DATASET EXTRACT
################

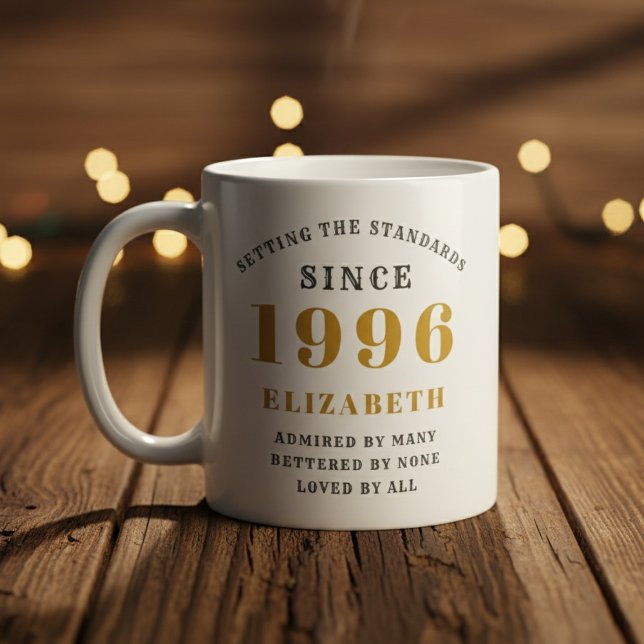 Mug Personalized 30th Birthday 1996 Add Name Elegant (Born 1996 birthday gift mug on a woof floor. Blurred background.)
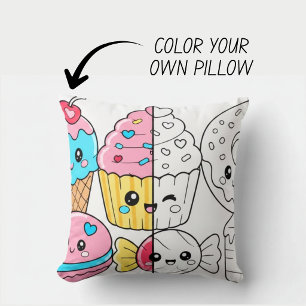 Almofada Travesseiro de Livro de Colorir Kawaii Fofo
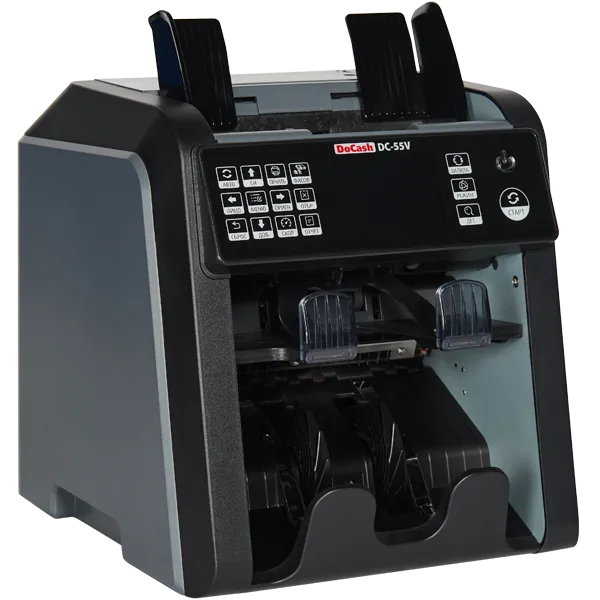 МУЛЬТИВАЛЮТНЫЙ СЧЁТЧИК БАНКНОТ 2-Х КАРМАННЫЙ (2 CIS) DOCASH DC-55V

################

EXERCISE DESCRIPTION
With the pictures left out, return the listing above exactly as it stands.

WORKED SOLUTION
 Mug Personalized 30th Birthday 1996 Add Name Elegant (Born 1996 birthday gift mug on a woof floor. Blurred background.)
 Almofada Travesseiro de Livro de Colorir Kawaii Fofo
 МУЛЬТИВАЛЮТНЫЙ СЧЁТЧИК БАНКНОТ 2-Х КАРМАННЫЙ (2 CIS) DOCASH DC-55V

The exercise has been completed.